Perhaps what Lakens has in mind is as we expand the set of null hypothesis we are testing to some very large set the prior becomes maximally uninformative (and so alpha converges to the significance threshold), but this is deeply uncertain to me—and, besides, we want to know (and a reader might reasonably interpret the rider as being about) the likelihood of this policy getting the wrong result for the particular null hypothesis under discussion.
--
As I fear this thread demonstrates, p values are a subject which tends to get more opaque the more one tries to make them clear (only typically rivalled by ‘confidence interval’). They’re also generally much lower yield than most other bits of statistical information (i.e. we generally care a lot more about narrowing down the universe of possible hypotheses by effect size etc. rather than simply excluding one). The write-up should be welcomed for providing higher yield bits of information (e.g. effect sizes with CIs, regression coefficients, etc.) where it can.

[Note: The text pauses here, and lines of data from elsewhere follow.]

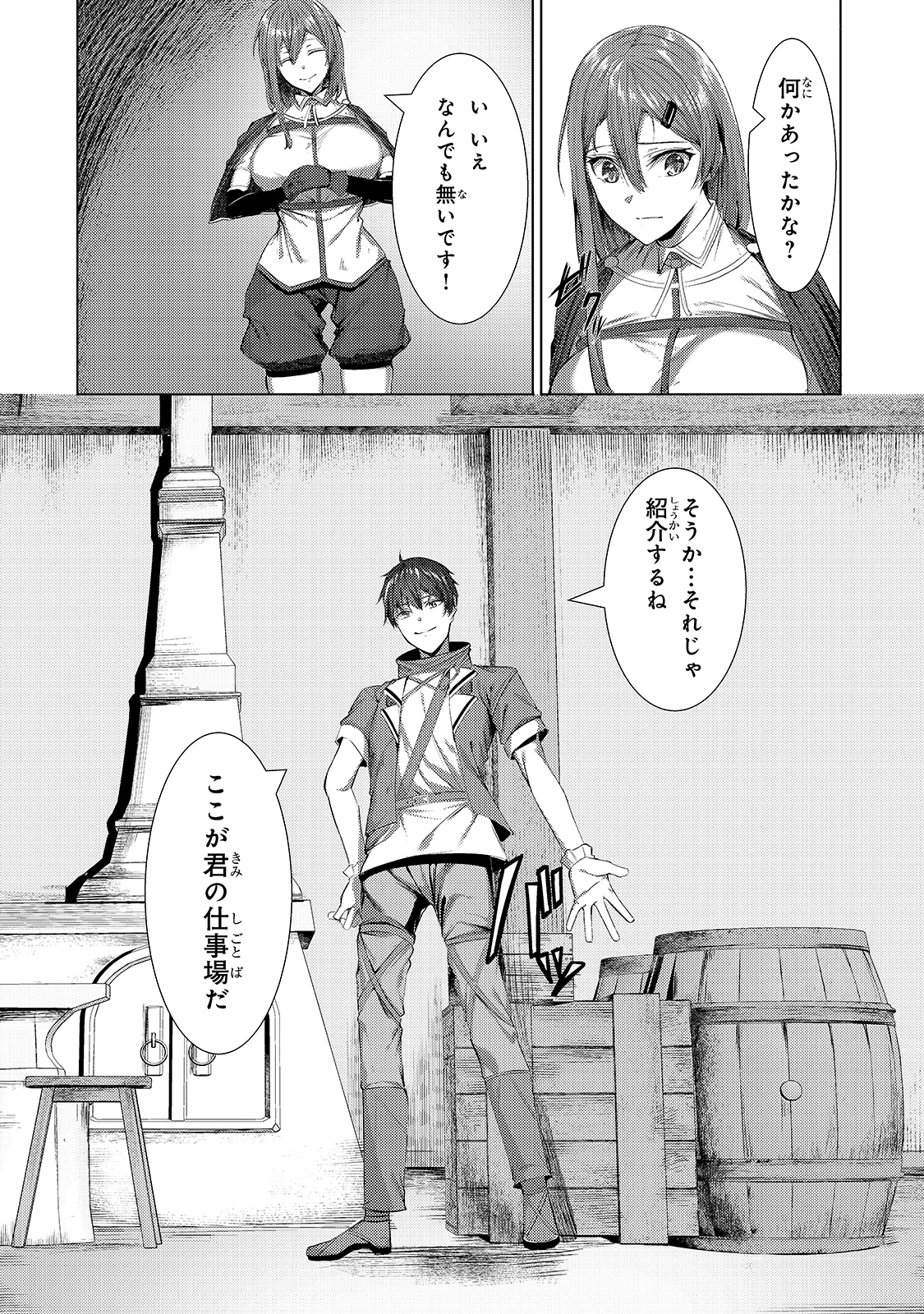 THE KICKED OUT S-RANK APPRAISER CREATES THE STRONGEST GUILD - raw - Chapter 2 - https://jpdd.ccdd.to/JPDD/thekickedoutsrankappraisercreatesthestrongestguild/166297/dkk3lebqnc5.jpg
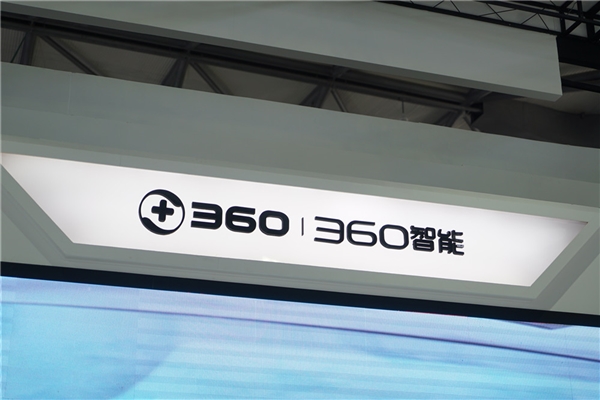 国内首家！360浏览器推出自有根证书计划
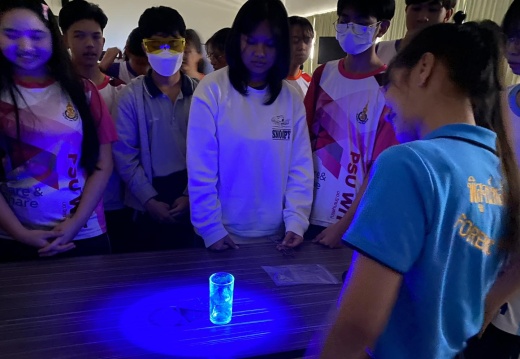 429937474 362643076673119 4813678085442090040 n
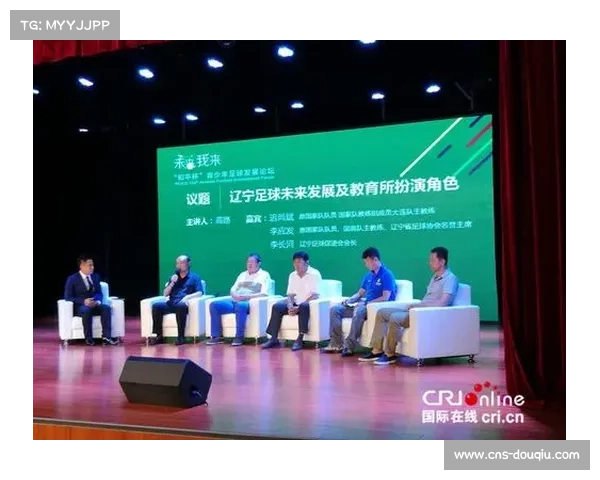 UFC新加坡站将举办武术与科技融合论坛探讨未来格斗发展趋势 UFC新加坡站将举办武术与科技融合论坛探讨未来格斗发展趋势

Most statistical work never bothers to crisply explain exactly what it means by ‘significantly different (P = 0.03)’ or similar, and I think it is defensible to leave it at that rather than wading into the treacherous territory of trying to give a clear explanation (notwithstanding the fact the typical reader will misunderstand what this means). My attempt would be not to provide an ‘in-line explanation’, but offer an explanatory footnote (maybe after the first p value), something like this:
Thanks for this!
To clarify, this refers to those who actually changed causes, specifically, right?
For the “Mean cause rating and sub grouping” table, it would be helpful to have the total ratings too, for comparison, so we can see how veg*ns, meat eaters, men and women differ from the average.
Hi,
On your first point, yes you are correct. Among those who prioritized Global Poverty OR Animal Welfare AND changed causes, pluralities of them changed to AI.
On your second point, I’ve now added a column in the group membership and demographics tables that shows the average for the sample as a whole. I hope this helps.
Thanks!
Thanks for this. I like the ribbon plots!
Did you by chance look at cause prio differences between countries and saw anything interesting? I dimly remember there used to be a trend along the lines of a bit more animal welfare in continental Europe, global poverty in UK and x-risk in the US.
Hi, thanks! We will explore cause prioritization and the geographic distribution of EAs in a forthcoming post. We tried to keep a narrower focus in this post, on involvement in EA and just a few demographics, as we did in last year’s post.